The Trump administration is proving very stressful for anyone who cares about the future of American democracy, because it is an ongoing stress test of our constitutional order. We do not yet have proof, at least not the kind that can be presented in court, that President Trump has violated the law; if it exists, that must await the conclusion of the special counsel’s investigation. What we do know is that he is systematically violating our democratic norms.
These are the unspoken assumptions about what a president is and is not supposed to do. It was never thought necessary to write down that the president should behave in a dignified manner, avoid conflicts of interest or not misuse his emergency powers for political purposes. But Trump is colossally ignorant and contemptuous of the way his predecessors have acted. Unconstrained by morality or tradition, he is systematically redefining the presidency in a style that owes more to Vladimir Putin and Viktor Orban than to George Washington and Abraham Lincoln.
Some of the norms he is violating appear minor, but their collective impact is substantial. Until two years ago, for example, there was an expectation that presidents would work hard and pay serious attention to their intelligence briefings. Trump, by contrast, routinely blocks off 8 a.m. to 11 a.m. as “executive time,” and “rarely if ever reads the President’s Daily Brief” prepared by the intelligence community.

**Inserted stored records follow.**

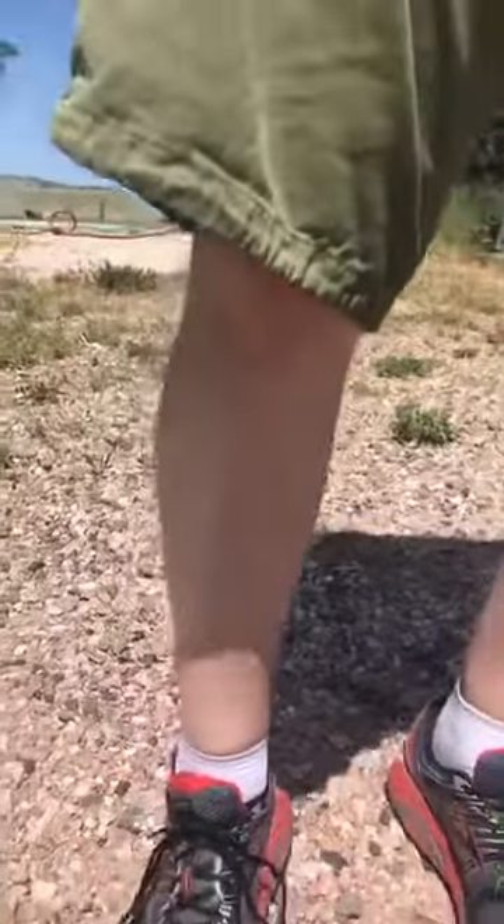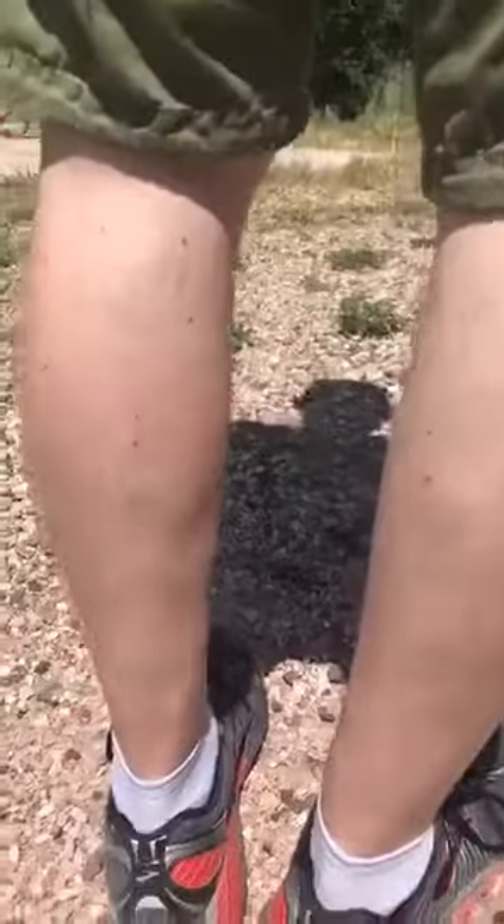Now take notice. White legs — I'll put tanner on those later. Skeeters are still up here all over his shorts, but they're not touching his legs down here. So the first person that tells me it doesn't work — you're a liar. That's proof right there.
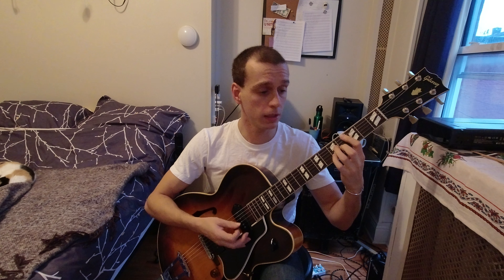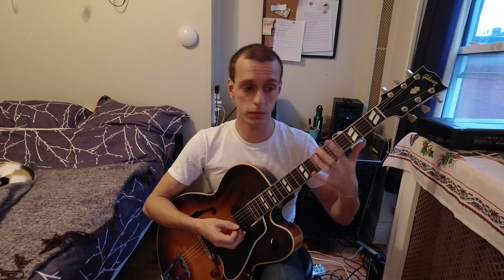This substitution happens on the fifth degree of that harmonic sequence, where in jazz we like to put tension within the chord before it resolves to the one. We have all kinds of devices to do that — the diminished scale, the altered scale, and all kinds of stuff.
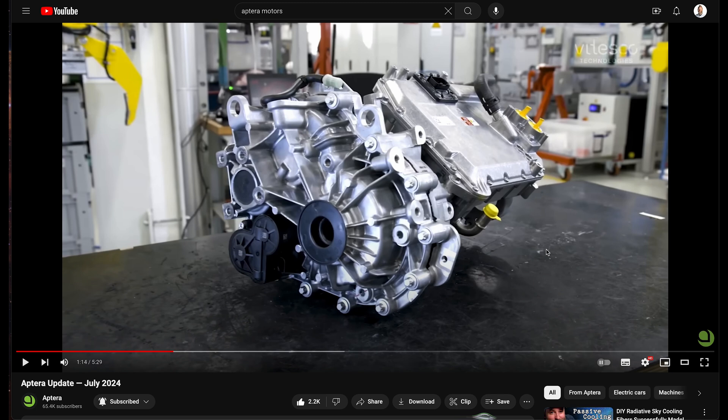The body hasn't changed. So everything I'm excited about with Aptera — the range, the solar, the aerodynamics, the cargo space, the two-seater — I still love all that. I'm still looking forward to this car 100%. I'm wondering what the time gap will be between the front-wheel drive and the all-wheel drive.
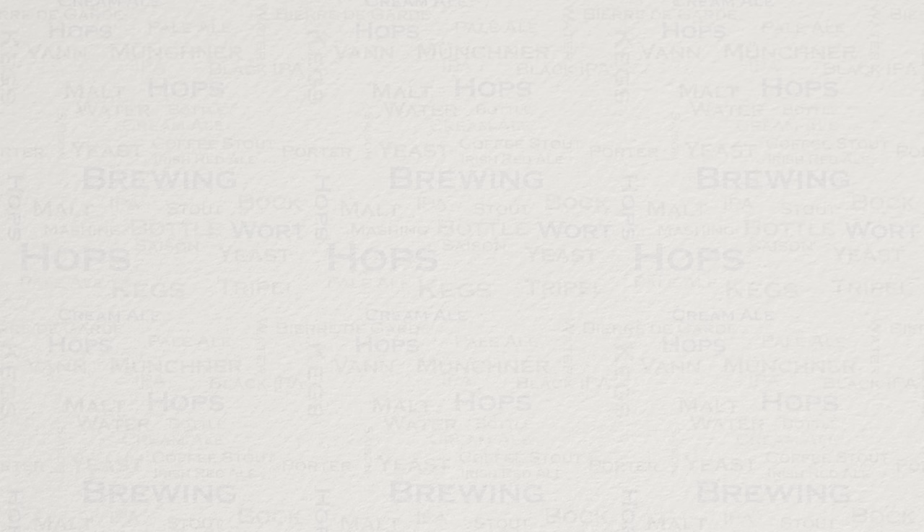I do hope that you found this video useful, informative and interesting. If so, why not consider liking and subscribing? For further support you can join the channel's Facebook group, and if you would like to support the channel then check out the channel's merchandise store, as all profits go back into the channel. Until next time, happy brewing!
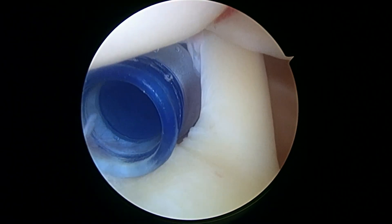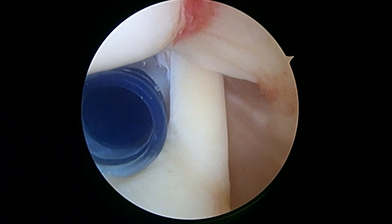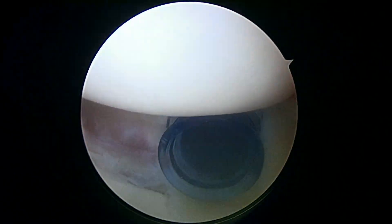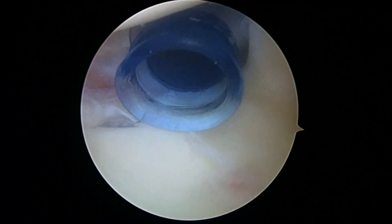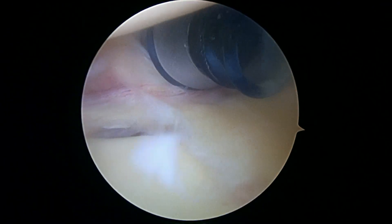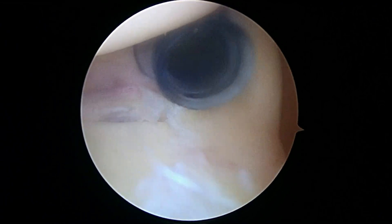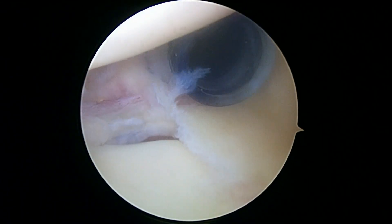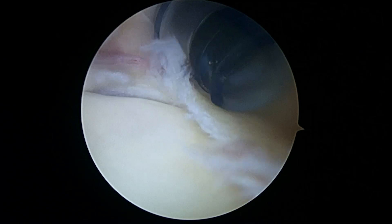Everything you see is magnified 30 or 40 times on the screen. We've got this blue cannula coming in on the left of the biceps tendon. Here's your biceps and here's the tear.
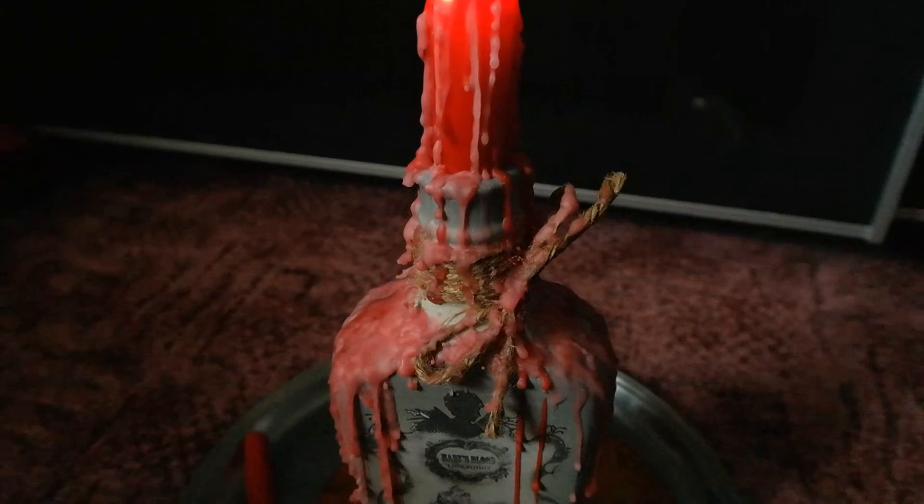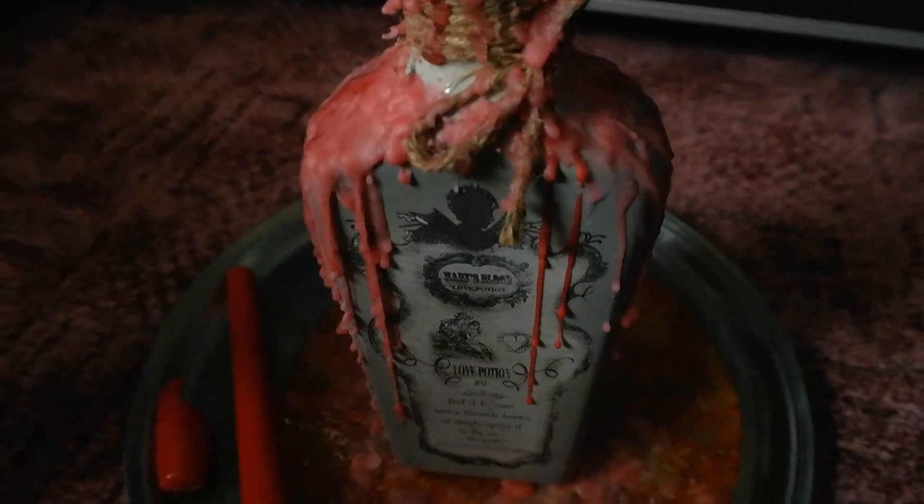To make it even spookier, you could find a spooky Halloween themed bottle in a shop and then do the same process like what I've done here.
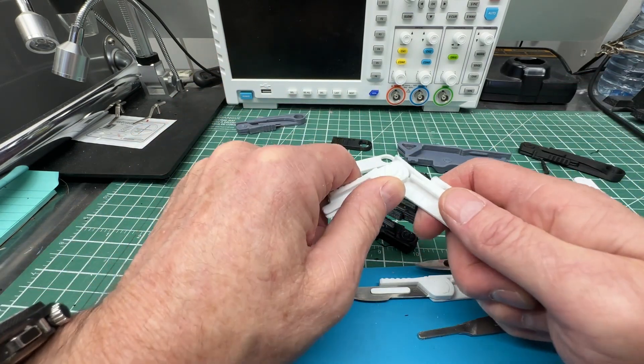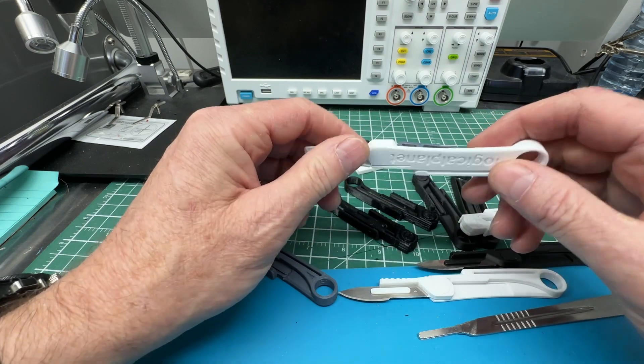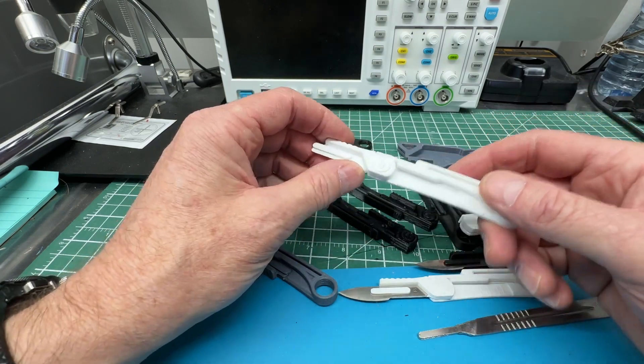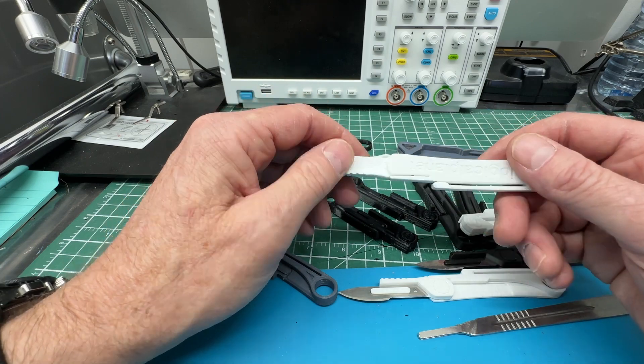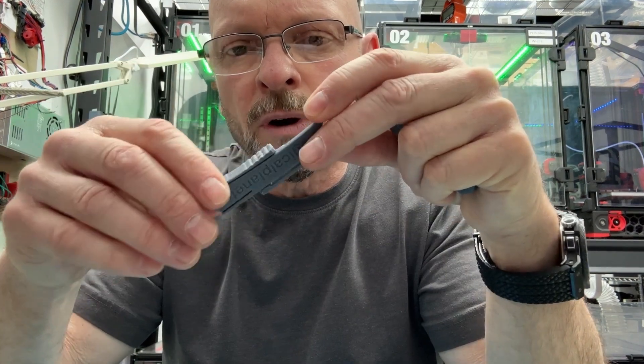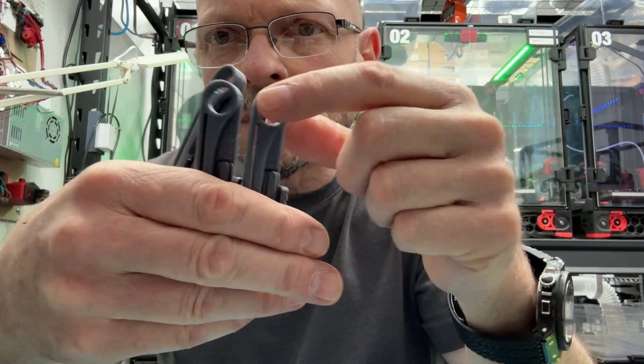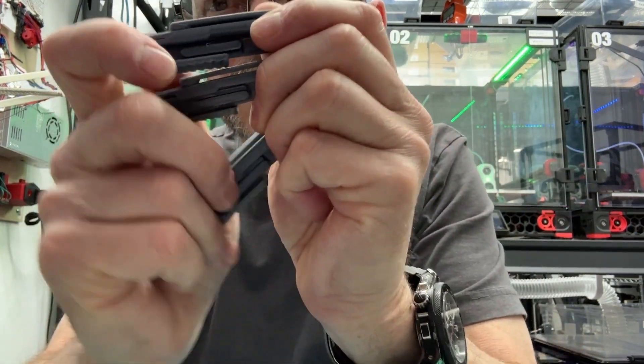If you can't separate yours I can make one with a bigger gap, and if they're too loose I can make one with a smaller gap — just send me a message and I'll post different sizes if needed. Also important: I think you'll benefit from having ironing on in your slicer at all levels, not just the top level — that will help with separation from where it's wanting to fuse together.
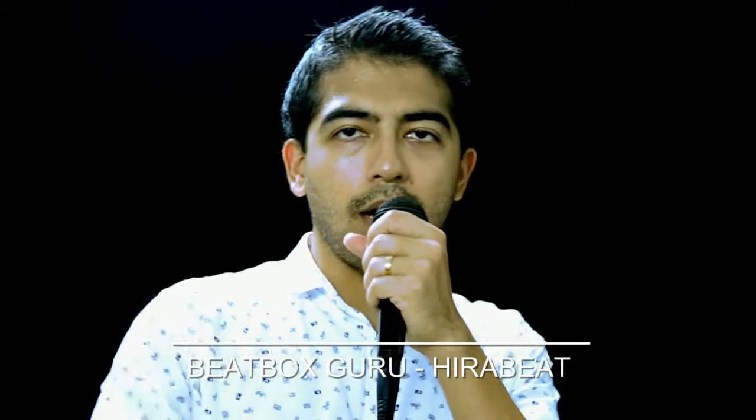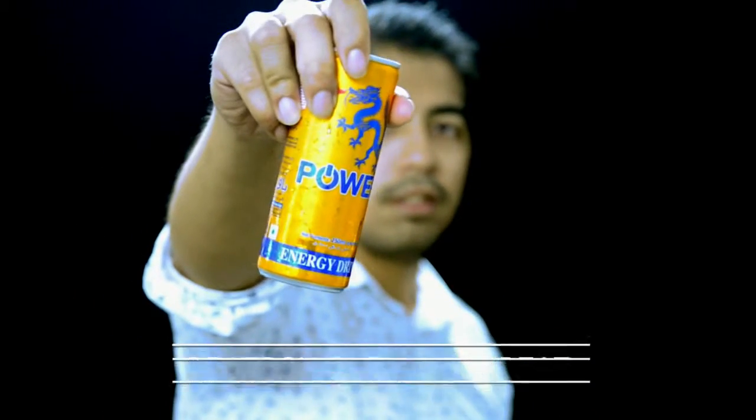Yo, what's up? This is Hero Beat, brought to you by Powik Energy Drink. Let's sip into action.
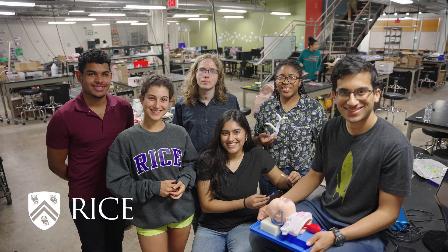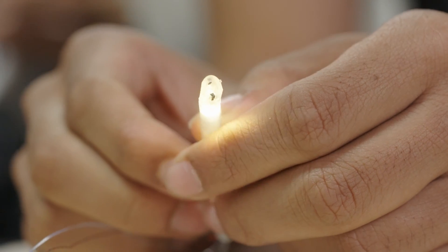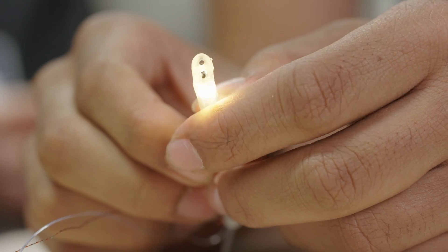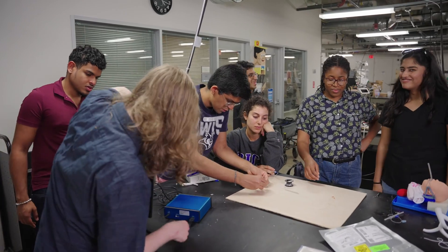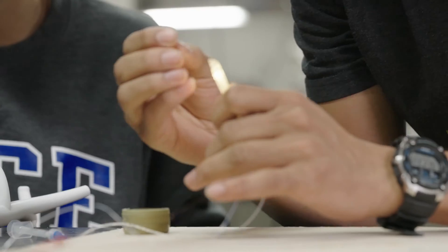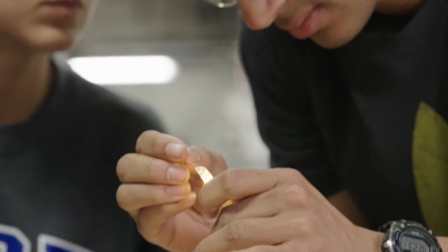Our team is Tiny Trach. We're making a camera-aided endotracheal tube. We have an interdisciplinary group of mechanical engineers, electrical engineers, and most of us are bioengineers. We make up a group of seven and we all bring our different skills to try and make the tube work.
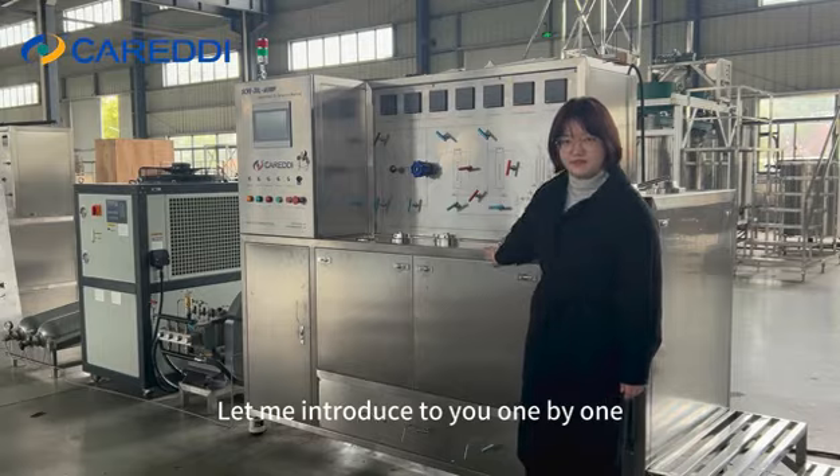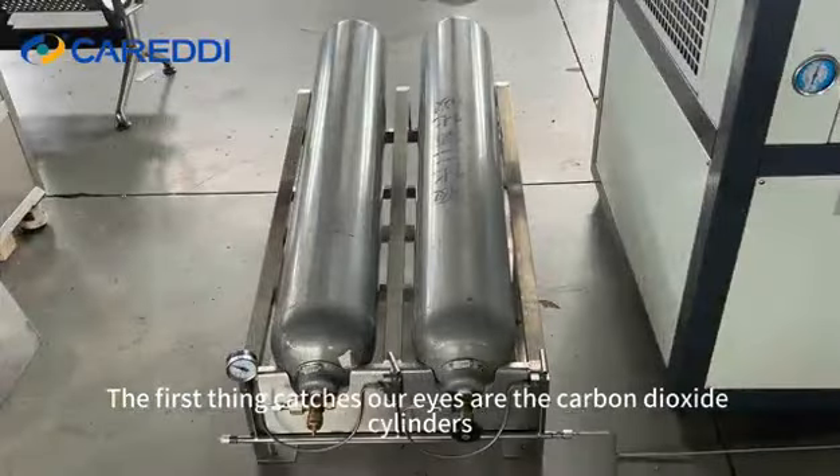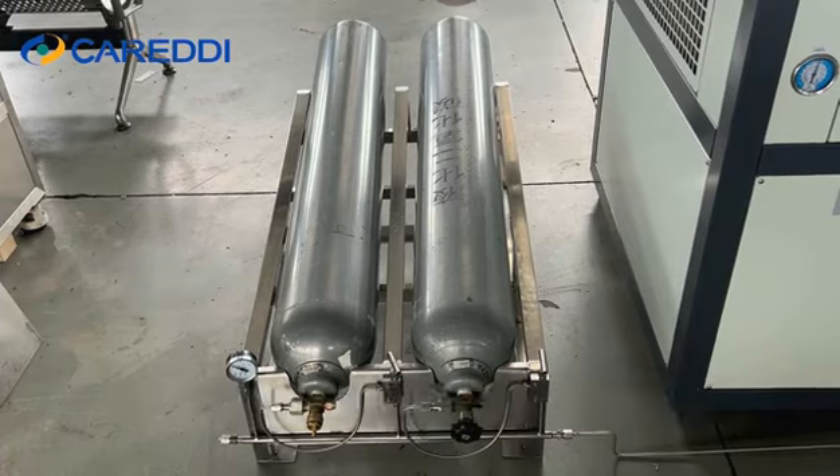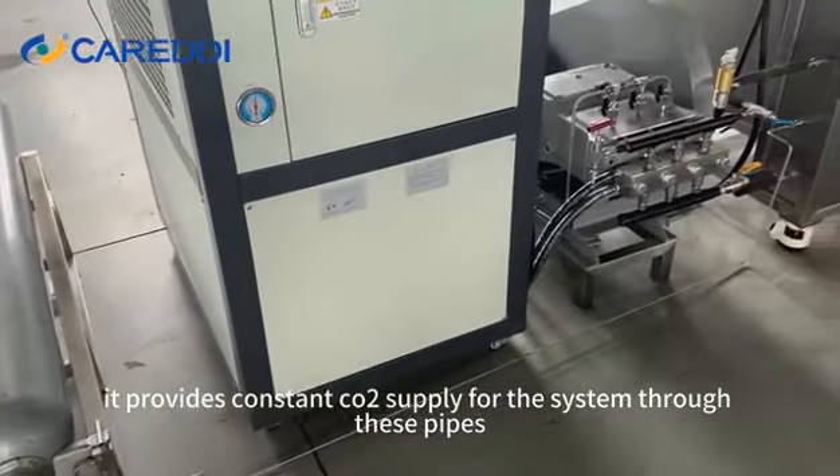Let me introduce to you one by one. From left to right, the first thing that catches our eyes are the carbon dioxide cylinders. They provide a constant CO2 supply for the system through these pipes.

In another break with his predecessors, Trump appears to give more credence to the United States’ enemies than to its own intelligence agencies. Former FBI acting director Andrew McCabe writes in a new book that Trump refused to believe the intelligence community when it told him that North Korea had test-fired an intercontinental ballistic missile: “He thought that North Korea did not have the capability to launch such missiles. He said he knew this because Vladimir Putin had told him so.”
Other norms relate to ethics — a concept as alien to Trump as understatement or self-restraint. Previous presidents going back decades voluntarily disclosed their tax returns and either divested from their businesses or put them into a blind trust. Trump has refused to do any of this. Instead, he has profited from the presidency by, inter alia, doubling initiation fees at his Mar-a-Lago resort and frequently bringing his vast entourage to his own properties at government expense.
Then there are the norms of presidential speech and decorum. No previous president would have referred to his former mistress in public (and not in private either) as “Horseface” or to a political opponent who claims Indian ancestry as “Pocahontas.” Previous presidents also refrained from accusing their political opponents of treason or calling for them to be incarcerated. Nor would any previous president —at least not in the past hundred years — have engaged in so many openly racist utterances, from referring to African nations as “shithole countries” to praising white supremacists as “very fine people.” Likewise, no previous president, however aggrieved at the press, ever referred to them as “the enemy of the people.”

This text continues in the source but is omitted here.